Quantitative Ermittlung der Risiken für die Bevölkerung und die Umwelt (speziell für den Rhein als Fliessgewässer sowie für das Grundwasser als Trinkwasserreservoir)
Beurteilung der Tragbarkeit der Risiken gemäss Störfallverordnung
Beurteilung möglicher Massnahmen zur Minderung der Risiken
 


Die Schleuseneinfahrt eines Tankschiffs stellt ein erhöhtes Risiko dar.

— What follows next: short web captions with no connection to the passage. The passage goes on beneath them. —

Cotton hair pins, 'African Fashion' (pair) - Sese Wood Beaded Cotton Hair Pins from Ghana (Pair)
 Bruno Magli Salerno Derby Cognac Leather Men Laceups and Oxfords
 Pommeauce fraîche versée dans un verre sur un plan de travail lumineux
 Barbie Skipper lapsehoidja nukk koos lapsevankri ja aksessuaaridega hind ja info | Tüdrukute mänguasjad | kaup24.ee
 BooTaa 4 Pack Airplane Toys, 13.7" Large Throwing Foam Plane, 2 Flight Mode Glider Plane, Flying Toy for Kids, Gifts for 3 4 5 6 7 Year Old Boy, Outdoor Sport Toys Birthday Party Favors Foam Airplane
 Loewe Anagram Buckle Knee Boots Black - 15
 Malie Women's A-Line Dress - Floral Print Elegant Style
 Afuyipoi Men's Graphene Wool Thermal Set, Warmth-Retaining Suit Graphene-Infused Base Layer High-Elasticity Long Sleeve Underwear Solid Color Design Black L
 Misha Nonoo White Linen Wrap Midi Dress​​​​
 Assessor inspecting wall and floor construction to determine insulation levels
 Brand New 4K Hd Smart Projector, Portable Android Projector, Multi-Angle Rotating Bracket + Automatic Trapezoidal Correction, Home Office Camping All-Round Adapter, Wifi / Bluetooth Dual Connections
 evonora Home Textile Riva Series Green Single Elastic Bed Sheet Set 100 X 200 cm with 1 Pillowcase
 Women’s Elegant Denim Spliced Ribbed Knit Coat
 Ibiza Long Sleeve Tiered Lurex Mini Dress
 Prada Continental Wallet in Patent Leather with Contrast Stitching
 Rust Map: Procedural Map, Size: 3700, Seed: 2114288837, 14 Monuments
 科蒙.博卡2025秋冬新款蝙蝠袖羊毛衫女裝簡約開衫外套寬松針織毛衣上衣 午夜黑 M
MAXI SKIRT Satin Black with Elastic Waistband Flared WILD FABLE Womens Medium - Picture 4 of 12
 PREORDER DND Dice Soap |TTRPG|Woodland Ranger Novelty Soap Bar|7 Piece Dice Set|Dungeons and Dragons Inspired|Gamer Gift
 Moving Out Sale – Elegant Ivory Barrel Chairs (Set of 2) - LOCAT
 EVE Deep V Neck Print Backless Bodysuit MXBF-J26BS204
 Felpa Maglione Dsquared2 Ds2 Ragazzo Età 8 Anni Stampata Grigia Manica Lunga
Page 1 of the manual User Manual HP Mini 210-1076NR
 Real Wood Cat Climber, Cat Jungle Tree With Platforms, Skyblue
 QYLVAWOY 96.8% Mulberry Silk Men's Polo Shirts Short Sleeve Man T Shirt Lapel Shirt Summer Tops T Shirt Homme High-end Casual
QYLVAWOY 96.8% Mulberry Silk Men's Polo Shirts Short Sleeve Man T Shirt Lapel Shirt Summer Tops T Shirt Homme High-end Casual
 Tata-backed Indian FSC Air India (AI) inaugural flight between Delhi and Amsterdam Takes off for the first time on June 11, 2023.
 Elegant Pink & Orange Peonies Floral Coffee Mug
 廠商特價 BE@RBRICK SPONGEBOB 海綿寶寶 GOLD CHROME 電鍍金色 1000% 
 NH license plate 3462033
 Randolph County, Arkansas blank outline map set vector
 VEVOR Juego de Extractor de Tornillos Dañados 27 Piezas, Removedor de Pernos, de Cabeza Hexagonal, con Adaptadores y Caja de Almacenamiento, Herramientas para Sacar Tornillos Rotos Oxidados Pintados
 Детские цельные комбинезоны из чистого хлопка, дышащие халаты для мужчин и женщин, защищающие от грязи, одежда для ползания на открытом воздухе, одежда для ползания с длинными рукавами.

Die Risikoermittlung wurde in den Jahren 2001 und 2002 durchgeführt. Das eigentliche Kontrollverfahren der beiden zuständigen Behörden KCB und SIT wurde im August 2004 abgeschlossen. Folgende Resultate ergaben sich aus der Studie:
Nach den Beurteilungskriterien der Störfallverordnung liegen die Risiken für die Bevölkerung für den untersuchten Flussabschnitt im Übergangsbereich. Die Risiken für das Grundwasser respektive das Trinkwasser im Raum Basel sind als tragbar zu beurteilen. Ein Hauptgrund sind die redundant vorhandenen Trinkwasserfassungen, welche bei einem Ereignis kaum je alle auf einmal betroffen sein dürften. Die Risiken für den Rhein als Oberflächengewässer wiederum mussten als nicht tragbar beurteilt werden.
 
Massnahmen
Auf Grund dieser Beurteilung wurden Sicherheitsmassnahmen erarbeitet. Die wirksamste Massnahme besteht darin, nicht nur flüssige, giftige, chemische Erzeugnisse, sondern auch leicht brennbare Flüssigkeiten wie Benzin in Doppelhüllenschiffen zu transportieren. Weitere Massnahmen sind das bessere Erkennen und Beseitigen von Untiefen in der Schifffahrtsrinne, eine Ausweitung der Schlepphilfepflicht auf alle bergwärts fahrenden, einmotorigen Tankschiffe mit Gefahrgut und die Einführung eines Referenzpegels in Basel für die Grossschifffahrt. Durch die Kombination der Massnahmen Doppelhüllenschiffe und verschärfte Schlepphilfepflicht (für die Durchfahrt durch Basel-Stadt) oder die Kombination Doppelhüllenschiffe und Reduktion von Grundberührungen (für den Abschnitt Schwarzwaldbrücke bis Schleuse Birsfelden) können die Risiken durch umweltgefährdende Stoffe in den untersuchten Flussabschnitten vom untragbaren Bereich in den Übergangsbereich gesenkt werden.
 
In den Änderungen der Schifffahrtspolizeiverordnung Basel-Rheinfelden vom 9. Juni 2005 wurde die verschärfte Schlepphilfepflicht realisiert. Die Gewährleistung der Reduktion von Grundberührungen wird vom Tiefbauamt Basel-Stadt kontinuierlich bearbeitet.
 
Die wirksamste der untersuchten Massnahmen, der vermehrte Einsatz von Doppelhüllenschiffen, kann nur umgesetzt werden, wenn auch die anderen Rheinanliegerstaaten dies unterstützen. Die Schweiz kann in den zuständigen Gremien dazu beitragen, dass der vorhandene Trend in Richtung Doppelhüllenschiffe verstärkt unterstützt und damit beschleunigt wird. Verschiedene Bundesämter haben die Vorteile des Gefahrguttransports in Doppelhüllenschiffen bezüglich Sicherheit in der Zentralkommission für die Rheinschifffahrt (ZRK) vertreten.